Figure 12 shows the 35-MHz and 105-MHz fundamental images and the third harmonic image of the tissue-mimicking phantom. It was observed that the 35-MHz fundamental image had a deeper imaging depth than other images, but the speckle pattern appeared to spread along the arc as the imaging depth increased and the lesion-mimicking area in the phantom were not clearly seen due to low spatial resolution, compared to the others. In contrast, the 105-MHz fundamental image showed the conspicuous speckle pattern and clear lesion-mimicking area indicated by white arrows in
Figure 12 due to its high spatial resolution. However, the frequency-dependent attenuation of ultrasound limited the imaging depth to less than 1.0 mm from the surface. The third harmonic image had a spatial resolution similar to the 105-MHz fundamental image, whereas its imaging depth was deeper than that of 105-MHz fundamental image, i.e., up to 1.4 mm. This result is reasonable because traveling distance of the fundamental ultrasound is twice the traveling distance of the third harmonic, so that the third harmonic experiences less attenuation.
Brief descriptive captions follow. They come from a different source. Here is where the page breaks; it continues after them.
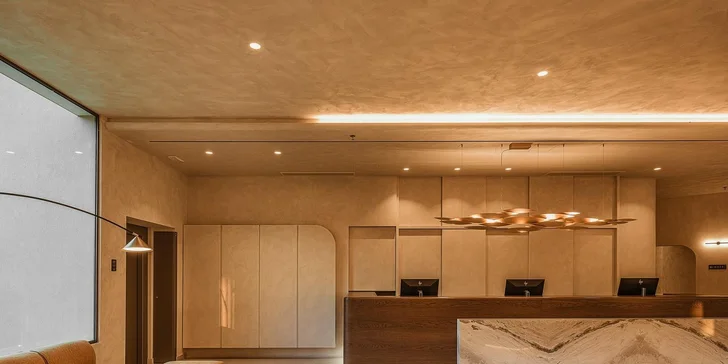 Hlavní restaurace Panorama vás přivítá prostornou terasou, kde si bufetové lahůdky vychutnáte s výhledem na hory i mořskou hladinu.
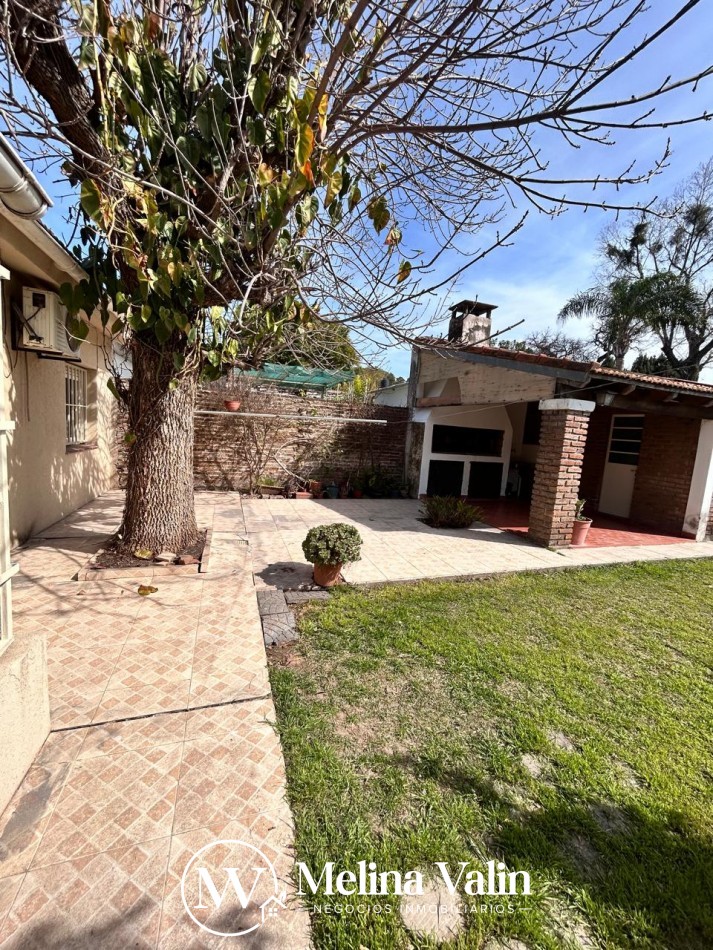 CASA 3 DORM Y COCHERA EN ZONA EJERCITO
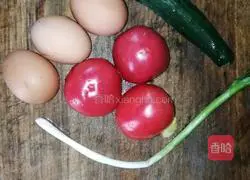 Illustration of how to make tomato, cucumber and egg noodles 1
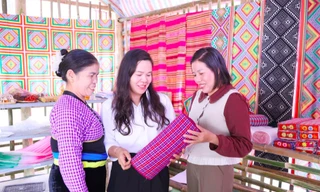 Nhiều mô hình hiệu quả lan tỏa ý chí vượt khó, làm giàu của phụ nữ ở Gia Phù, Sơn La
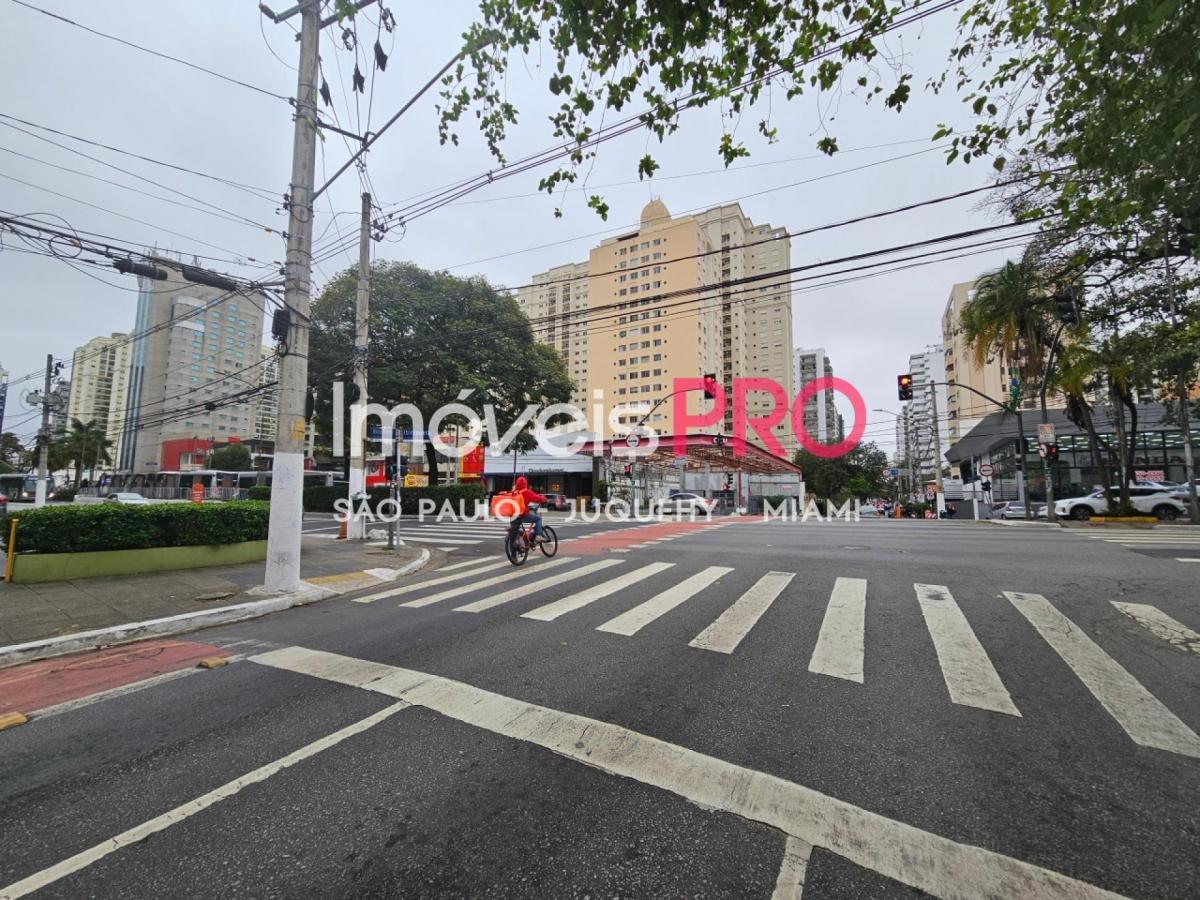 ZEU, esquina positiva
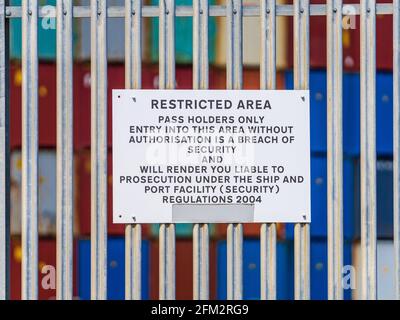 Sicurezza delle porte del Regno Unito - limitazioni di accesso. Segnaletica di sicurezza per le aree soggette a restrizioni intorno al porto di spedizione dei container di Felixstowe. Foto Stock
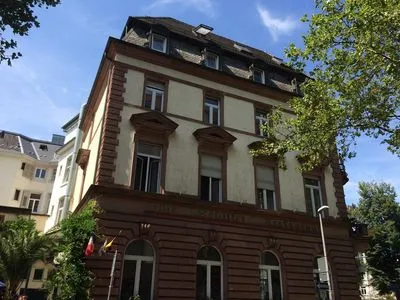 Gebäude von Hotel Schiller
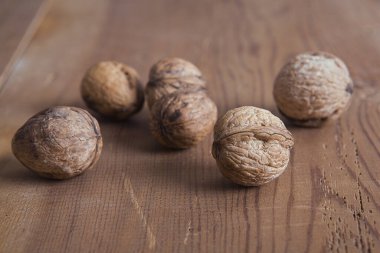 Ahşap arka planda ceviz. Sağlıklı yemek ve atıştırmalık..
For tissue harmonic imaging, the spectrum of a transducer is typically divided into two sub-bands: one for transmission and another for harmonic reception. This causes lowering the axial resolution of both fundamental and harmonic images. Additionally, the complete separation of fundamental and harmonic signals is very challenging because their spectra are overlapped although pulse inversion and nonlinear chirp excitation can be used to overcome the problem partially [
31,
32,
33]. Given these facts, the wide spectral bandwidth of a transducer is essential for high quality tissue harmonic imaging. However, it is practically impossible to construct a transducer with a broad bandwidth enough to carry out the third harmonic imaging of tissue. This is especially true for IVUS transducers because of their high operating frequency and limited selection of backing and acoustic matching materials due to the structural restriction. Even if possible, a severe degradation of spatial resolution is inevitable because the bandwidth should be divided into three sub-bands. As shown in
Figure 13, the developed dual-element focused transducer can solve those problems. For ultrasound transmission, the full bandwidth of the 35-MHz element can be exploited, so that no degradation of spatial resolution occurs in fundamental images. This full-bandwidth signal contributes to the generation of the third harmonic, which is received by the 105-MHz element without (or at a minimum) loss of the harmonic information. Note that the frequency spectral characteristics of the 105-MHz element is similar to a band-pass filter, so that the signal separation is not necessary. Another advantage of the developed transducer is the simultaneous acquisition of co-registered 35- and 105-MHz fundamental images, which enables us to examine the overall morphological change of blood vessels and the near vessel layers such as fibrous cap with high spatial resolution at the same time if necessary.